Posnania znowu zabiera głos w sprawie domniemanych gangów nastolatków. Apeluje do klientów
Oficjalny komunikat pojawił się w mediach społecznościowych centrum handlowego.
- Odnosząc się do uwag, krytyki i zarzutów opierając się na zweryfikowanych danych informujemy o działaniach podjętych przez Posnania oraz służby współpracujące - czytamy. W oświadczeniu podkreślono, że bezpieczeństwo klientów jest dla dyrekcji najważniejsze, a Posnania jest miejscem otwartym dla wszystkich. Dodano, że od początku roku odnotowano 5 interwencji policji w obiekcie, a 2 z nich nie znalazły potwierdzenia po przybyciu mundurowych.
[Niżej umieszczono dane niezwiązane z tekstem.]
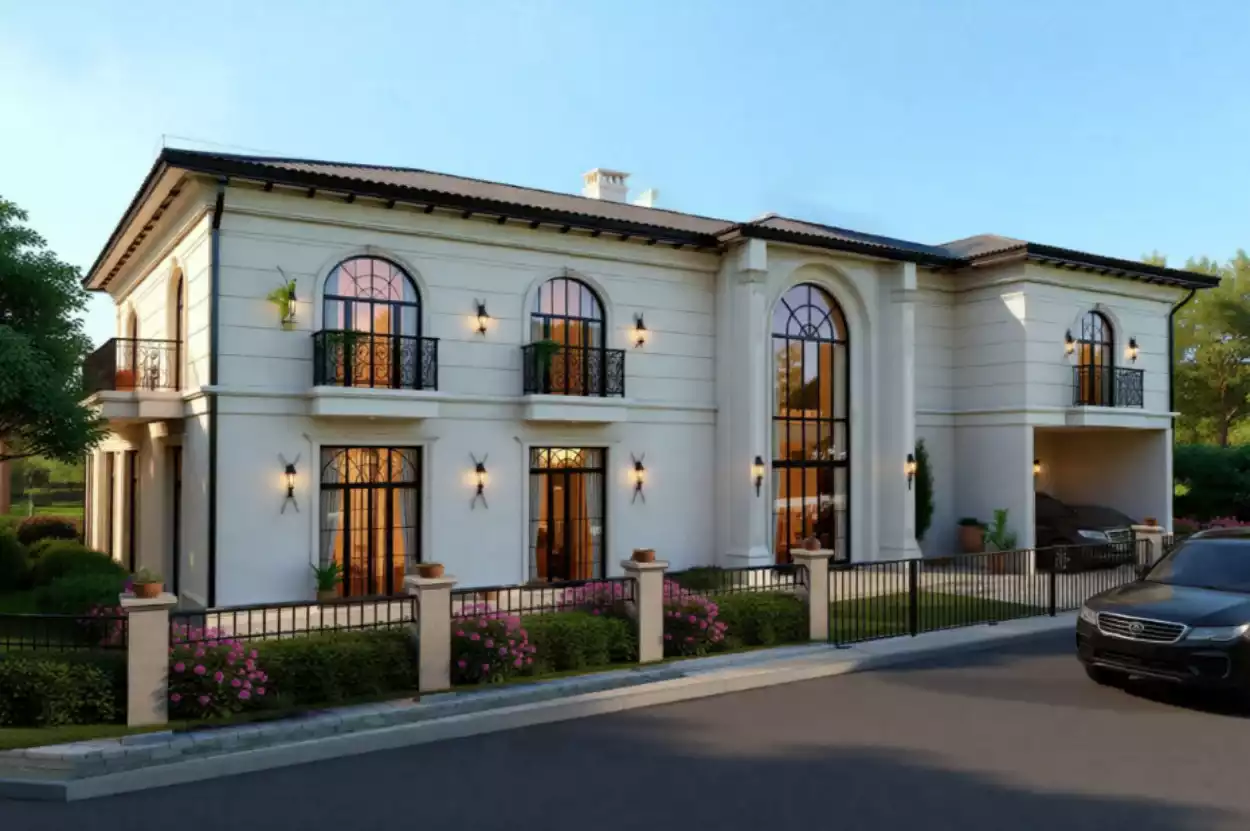 Villas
- Obiekt wyposażony jest w ponad 300 kamer. Ochrona obiektu odnotowuje w dokumentacji wszystkie przypadki reakcji na głośne zachowanie, śmiecenie czy nieobyczajne słownictwo różnych klientów. Biorąc pod uwagę fakt, że miesięcznie Posnanię odwiedza średnio ponad 1,1 mln osób odnotowane zdarzenia dotyczą 0,005% klientów. Jednak żadnego z tych przypadków nie ignorujemy i ignorować nie będziemy - zapewnia Posnania.
Odniesiono się do komentarzy, jakie pojawiły się pod doniesieniami o sytuacjach w Posnanii. - Nawoływano do samosądu - podkreślono. W związku z tym Posnania zdecydowała się na zablokowanie możliwości komentowania postów. - Naszym celem jest zmniejszyć emocje przy jednoczesnej pełnej woli rozwiązania problemu. Zwiększyliśmy liczbę pracowników agencji ochrony oraz współpracuje ściśle z poznańską policją, która zadeklarowała zwiększenie ilości patroli w okolicach obiektu.
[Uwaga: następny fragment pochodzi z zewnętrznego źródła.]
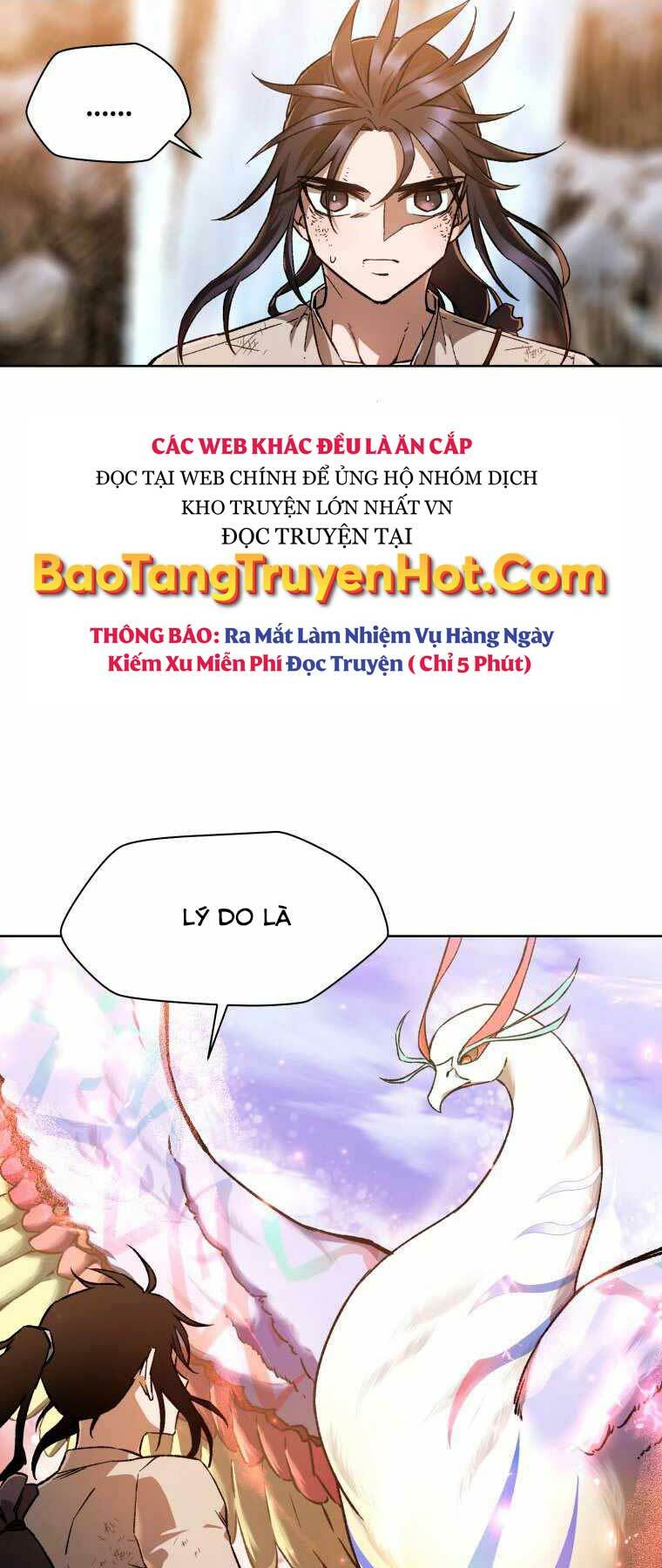 Helmut Đứa Trẻ Bị Ruồng Bỏ Chapter 9 - Trang 2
Posnania zaznacza też, że chce rozpocząć współpracę z instytucjami edukacyjnymi w zakresie konsekwencji przemocy słownej oraz hejtu, a także z instytucjami działającymi aktywnie z młodzieżą. - Zwracamy się z prośbą o niezwłoczne zgłaszanie niepokojących zdarzeń do personelu Posnanii, który współpracuje z policją lub bezpośrednio na policję dzwoniąc pod numer 112.